Love him or hate him, it’s a great time to be Edgar Berlanga at the moment.

The brash and flashy super middleweight who famously began his pro career with first-round stoppages in 16 consecutive fights, rebounded from a one-sided loss to Canelo Alvarez in their pay-per-view clash last fall to brutally finish Jonathan Gonzalez-Ortiz via first-round knockout on March 15. The fight served as the final bout of his promotional deal with Eddie Hearn’s Matchroom Sport. 

Berlanga (23-1, 18 KOs), who was credited with taking Alvarez’s best punches in pushing him to the 12-round distance, is now a free agent and the 27-year-old, with the help of powerful manager Keith Connolly, is looking to cash in big against the biggest names in the sport.

“I’m in the best position of my life. I’m like a tsunami about to hit,” Berlanga told CBS Sports. “Piles and piles and piles of money are going to be raining on me. I just came off of another first-round knockout. I just went through this guy after everything I’ve been through. They tried to put me [in the] co-main event and back at the Caribe Royale [in Orlando, Florida]. I’m a big name and I was supposed to be main eventing in Puerto Rico, but it’s OK. I went through him like a hot knife through butter.”

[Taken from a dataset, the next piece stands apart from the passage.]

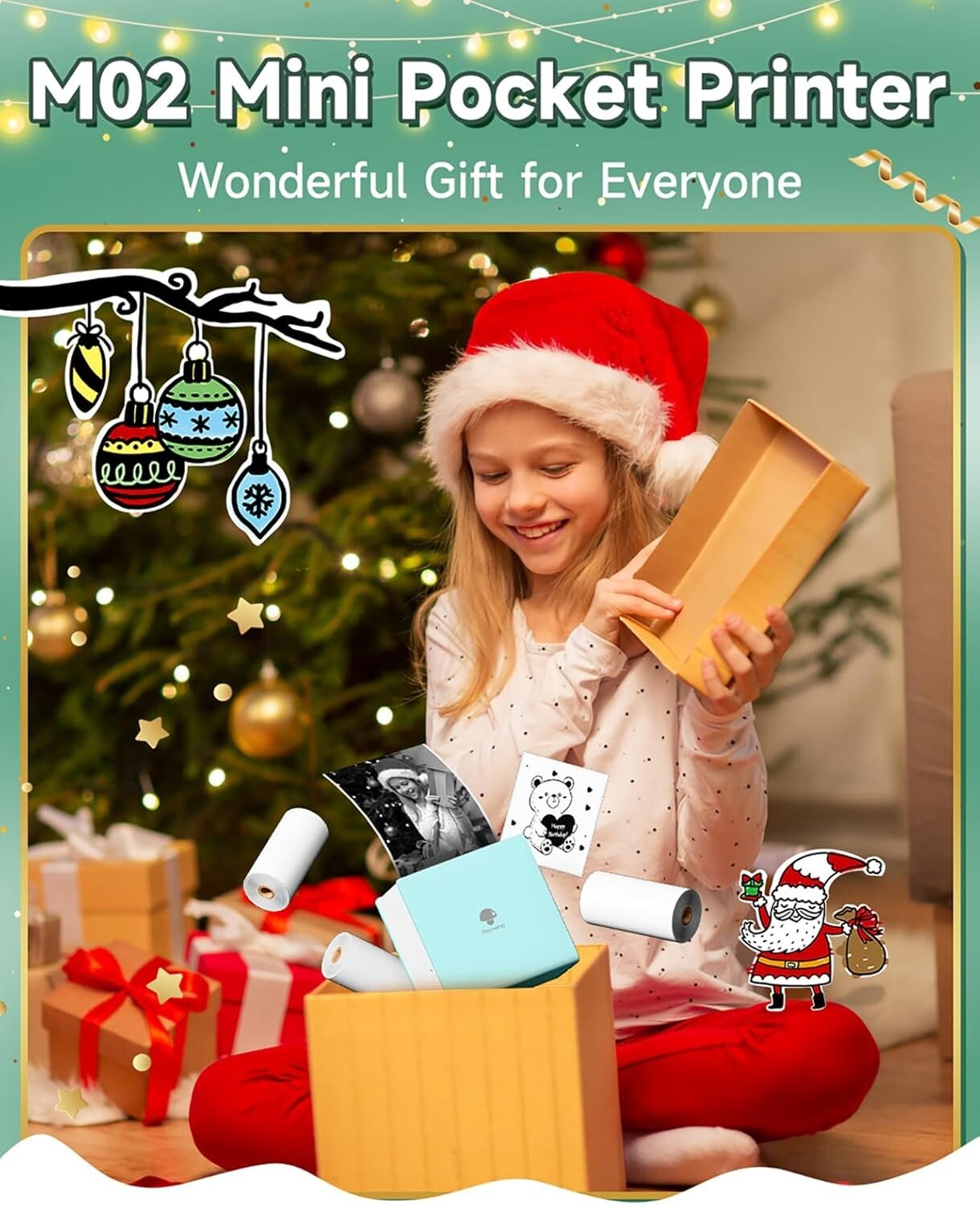 Cyan Mini Bluetooth Sticker Printer - Thermal Print Pods with 3 Paper Rolls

Along with missing weight for the fight, Berlanga was criticized for his level of opposition in the fight against Gonzalez-Ortiz (20-1-1, 16 KOs), a former Puerto Rican Olympian who served 10 years in jail for armed robbery before mounting a comeback in 2024. Yet, the acceptance of the fight turned out to be a strategic move for Berlanga, according to Connolly, to set up bigger things ahead, regardless if he ends up re-signing with Hearn.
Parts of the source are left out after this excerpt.